Je suis particulièrement heureux de vous accueillir aujourd'hui pour cette première réunion de la Commission nationale de la négociation collective ensemble.
Nous nous sommes transportés à quelques centaines de mètres de l'illustre salle des accords de l'hôtel du Châtelet qui accueillait traditionnellement ces réunions. _ Mais, rassurez-vous ce changement ne nous empêchera pas d'inscrire nos travaux dans la riche histoire de ce Ministère, qui fait de celui-ci, depuis les accords de Grenelle de 1936, la maison du dialogue social.
C'est un très grand honneur pour moi d'être le Ministre du Travail, de l'emploi, de la formation professionnelle et du dialogue social. Derrière le choix de cette dénomination, c'est l'illustration d'une conviction et d'une méthode. La conviction, c'est celle du rôle essentiel des corps intermédiaires – et aux premiers rangs desquels les partenaires sociaux – dans la société et dans la construction de l'intérêt général.
La méthode, c'est celle du dialogue, de la concertation et du respect de la négociation. Non pas comme un passage obligé mais bien au contraire comme un principe d'action et de réforme.
C'est l'esprit qui anime, sous l'impulsion du Président de la République, tout le Gouvernement.
La Commission nationale de la négociation collective doit être un lieu important de ces échanges. Par ces attributions bien évidemment : elle aura à se prononcer sur l'ensemble des textes intervenant dans le champ des relations individuelles et collectives du travail. Mais, au-delà, par la qualité du dialogue que nous pourrons y nouer dans le respect des positions de chacun.
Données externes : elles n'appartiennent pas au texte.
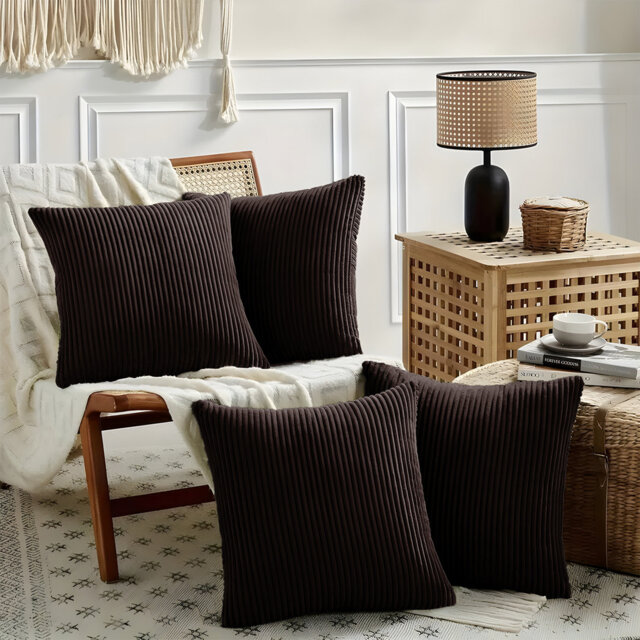 Striped Velvet Cushion Covers Set Of 4 – 18X18 Inch Decorative Throw Pillow Covers For Sofa & Bed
Notre réunion de ce matin est consacrée à l'examen de la revalorisation du SMIC. _ Elle est également l'occasion de vous présenter, comme c'est la tradition chaque année à cette époque, le bilan annuel de la négociation collective. Avant donc d'en venir au SMIC, je vous propose donc que le Directeur général du travail, Jean-Denis COMBREXELLE, nous présente en quelques mots les principaux enseignements de ce bilan de la négociation pour 2011
[intervention du DGT – 4 min]
Merci Monsieur le Directeur général.
Cet ouvrage est une parfaite illustration de la richesse de la négociation collective dans notre pays que ce soit au niveau interprofessionnel, dans les branches ou dans les entreprises. C'est un aspect trop souvent méconnu de nos relations sociales, trop souvent caricaturées ! Bien, au contraire, le dynamisme du dialogue social ne peut que conforter le Gouvernement dans son ambition d'articuler au mieux démocratie sociale et politique.
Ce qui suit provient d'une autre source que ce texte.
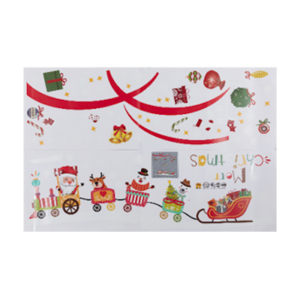 DECO PARA VIDRIOS *SANTA EN TREN* 30x90cm - Set x 2 planchas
Je tiens à remercier les organisations représentées ici pour la qualité de vos contributions à cet ouvrage.
Venons en maintenant à la revalorisation du SMIC.
Conformément aux engagements présidentiels, le Gouvernement a décidé de procéder à une revalorisation du SMIC sans attendre la revalorisation annuelle obligatoire du 1er janvier 2013.
Il s'agit d'une mesure de justice aux bénéfices des salariés dont les rémunérations sont les plus faibles. Faut-il rappeler qu'aucun « coup de pouce » sur le SMIC n'est intervenu depuis 6 ans ! Le pouvoir d'achat du SMIC sur cette période n'a progressé que de 5%.
Il est donc important de prendre en compte, sans attendre, l'aspiration légitime des citoyens dont les salaires sont les plus bas à une progression de leur pouvoir d'achat.
La situation économique est difficile, c'est une évidence. Il faut donc agir avec mesure. [C'est le message que m'ont rappelé les membres du groupe d‘experts sur le SMIC que j'ai souhaité rencontrer.]
C'est pourquoi le Gouvernement propose une revalorisation du SMIC de 2% au 1er juillet 2012. Cette augmentation se décompose comme suit : +1,4% au titre de l'inflation intervenue depuis la précédente revalorisation et +0,6% au titre d'un coup de pouce supplémentaire.
Ainsi, au 1er juillet 2012, le taux horaire du SMIC sera porté à 9,40 euros bruts, soit 1425,67 euros bruts mensuels sur la base de la durée légale du travail de 35 heures hebdomadaire.
Au total, le gain net par mois est de 21,5 euros.
L'anticipation de la prise en compte de l'inflation par rapport au calendrier légal de revalorisation, c'est 90 euros en plus pour un salarié au SMIC sur le second semestre, qu'il n'aurait pas eu en l'absence de cette revalorisation. Ceci à bien resituer dans un contexte global de faible progression des salaires réels comme le montre les dernières statistiques de la DARES ou de l'INSEE.
Quant au niveau du coup du pouce, il faut le comparer avec les derniers coups de pouce pour en mesurer la portée : +0,3% en 2006 et 2001 et +0,46% en 1998. Il faut donc remonter à 1997 (quinze ans !) pour trouver un coup de pouce supérieur.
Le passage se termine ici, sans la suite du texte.